I have made numerious attempts to quit smoking over the past year. I believe I find it easier if I didn’t live with a smoker. Knowing this I have decided to cut down on my smoking by at least 1 smoke a day in preparation for my quit date of 01.01.2012.
I found a few tips on the internet on how to cut down and hopefully this will attack the phyical need to smoke. I particually like the suggestions on this website:
Especially the one about putting you butts in a jar so that you can see how much you smoke and how dirty it is.
Hopefully this time it will work.
... I have had a smoke most days. I live with a smoker and when he returns from work I allow myself a treat (smoke). This seems to be developing into a pattern and instead of only having one I might get through a few more. That first one tastes like crap but you convince yourself its not that bad and go for another. before you know it you’re no longer turned off by the repulsive habit.
If I am not around smokers or have access to cigaretes I do not have the desire to have one.
... As far as everyone is concerned I have given up. I do not smoke in public or when we have guests over.
I have asked CP to take the cigarettes with him to work to prevent me from being tempted. This was extremely useful and I had a smoke free period of 36 hours. Unfortunately Friday rocked around and I had a Jim Bean & Coke which called for a smoke… Yes I know excuses, excuses, excused.
For now I am ok with I am smoking maybe 2 per a day and even then I feel terribly ill when I do. I actually feel sick in the tummy when I think about smoking or smell it. It the phyisical habit I am finding hard to break… This is something I have done for 16 years and know it will be a challenge but it can be won.
... I have reduced my smoking by 90%... I found the hardest place for me is at home. My partner smokes and leaves them on the bench in full view. If you were on a diet and there was chocolate in the house would you be able to ignore it?
Today I have had 2 smokes and both were at home, 9 hours apart. I have tried to distract myself but it didn’t work. I did find that not being at home most of the day really helped.
I am considering buying straws and cutting them the size of ciggarettes and sucking air through them just to deal with the physical habit.
I find this habit rather hard to break. Today I have had headaches, felt like throwing up and generally felt like crap. I should use it as motivation, I mean who wants to put their body through that every time they give in to their habit? I guess thats why the first 24 hours are the hardest and I have previously failed.
... I still feel the need to smoke so breaking the habit will be hard.
They say it takes 30 days to break a habit. This shows how hard it can be and to give myself a break if I fail and pat myself on the back for everyday I succeed.
A helpful site: http://www.wikihow.com/Break-a-Habit
I have the nicotine replacement therapy ready… just waiting till I run our of ciggerates before implementing it. I am down to my last packet so by the weekend I will be quitting.
It used to be a social thing for me or that was my old excuse for not giving up. Now that I’m home all the time its just me so there is no social aspect left.
Truthfully I’m scared that I will fail again and am not really motivated to quit. I just think I’ll give it a go and see if it works this time as there is less outside influence or people to encourage me in the wrong direction.
A great friend of mine has just been diagonosed with fatty liver disease. She is obese and has bad eating habits. It is becoming apparent our bad habits are catching up with us at 32 years of age. This scares me very much.
I have just recently had my first child and I want to be there to support her through the changes of life. I also want to have a better quality of life and smoking inhibits this.
Another good friend (the super healthy one) said she knew how addictive smoking was when I couldn’t give up during pregnancy. I explained to her I have made numerous attempts to give up smoking and she said just take it one day at a time.
A great motivator is that I will be the only one to understand what my daughter will go through and I would be her fearcest protector. No one else will be able to offer her these things.
The health talk between us girls last night gave me food for thought….
Since falling pregnant and having a baby (breast feeding) I have come down with five colds. I have had ear infections for over 7 weeks now.
Searching through our medicine cabinet for nicotine patches I found medication that expired in 2004. Wow that needed to be cleared out.

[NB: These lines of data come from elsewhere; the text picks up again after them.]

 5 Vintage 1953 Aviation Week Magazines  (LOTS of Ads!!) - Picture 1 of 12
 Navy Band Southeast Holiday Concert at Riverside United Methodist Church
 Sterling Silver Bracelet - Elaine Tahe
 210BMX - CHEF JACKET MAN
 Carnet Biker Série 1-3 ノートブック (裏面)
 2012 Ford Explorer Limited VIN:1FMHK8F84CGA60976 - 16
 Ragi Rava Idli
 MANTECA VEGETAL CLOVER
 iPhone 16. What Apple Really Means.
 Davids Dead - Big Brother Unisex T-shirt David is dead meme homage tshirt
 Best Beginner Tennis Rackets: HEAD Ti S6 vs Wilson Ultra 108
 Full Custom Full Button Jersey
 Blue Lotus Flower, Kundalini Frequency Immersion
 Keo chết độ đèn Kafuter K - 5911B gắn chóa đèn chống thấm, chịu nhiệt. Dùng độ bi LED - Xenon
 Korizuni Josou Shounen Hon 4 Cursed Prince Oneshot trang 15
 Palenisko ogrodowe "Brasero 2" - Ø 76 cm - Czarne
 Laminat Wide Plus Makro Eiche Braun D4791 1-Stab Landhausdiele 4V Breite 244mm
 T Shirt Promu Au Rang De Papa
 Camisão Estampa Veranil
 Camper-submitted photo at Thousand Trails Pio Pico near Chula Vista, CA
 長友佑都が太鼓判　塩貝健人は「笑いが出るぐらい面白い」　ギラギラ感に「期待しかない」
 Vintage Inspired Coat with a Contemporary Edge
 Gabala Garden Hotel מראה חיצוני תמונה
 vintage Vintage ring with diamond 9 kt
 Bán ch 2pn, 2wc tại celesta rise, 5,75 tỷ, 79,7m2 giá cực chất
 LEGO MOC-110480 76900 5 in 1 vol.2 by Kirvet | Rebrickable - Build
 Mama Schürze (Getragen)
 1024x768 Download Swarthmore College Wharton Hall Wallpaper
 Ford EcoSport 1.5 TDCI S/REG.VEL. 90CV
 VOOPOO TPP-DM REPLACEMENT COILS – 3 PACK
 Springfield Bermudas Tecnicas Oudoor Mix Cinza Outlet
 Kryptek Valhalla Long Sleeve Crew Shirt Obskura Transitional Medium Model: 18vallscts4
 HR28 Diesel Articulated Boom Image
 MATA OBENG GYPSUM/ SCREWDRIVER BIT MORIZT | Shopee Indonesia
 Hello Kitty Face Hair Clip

Tomorrow I start the nicotine therapy and hopefully give up for good. This is attempt number 5 and the fact I want to see my child grow up should be motivation enough.
Ok bring on the lectures…. I am still smoking and yes its 15 per a day.
During the first trimester I cut it right down (1) because I felt sick. 2nd trimester picked the bad habit back up. I have 3 weeks before I enter the third trimester, which they say is the strongest growth period and your last chance to reduce the effects of smoking in a fetus.
I am trying to cut down by one smoke a day…. Until I reach nil.
Skin is clearer, teeth cleaner downside…. I am a lttle grumpy & small things r upsetting me.
I have yet to have a smoke free day. Funny thing is I don’t want to smoke but my body is compelling me, so I have one just to shut it up. The reactions to giving up are painful yet remind me why I need to be strong.
Today is loaded with destractions which will help in this task.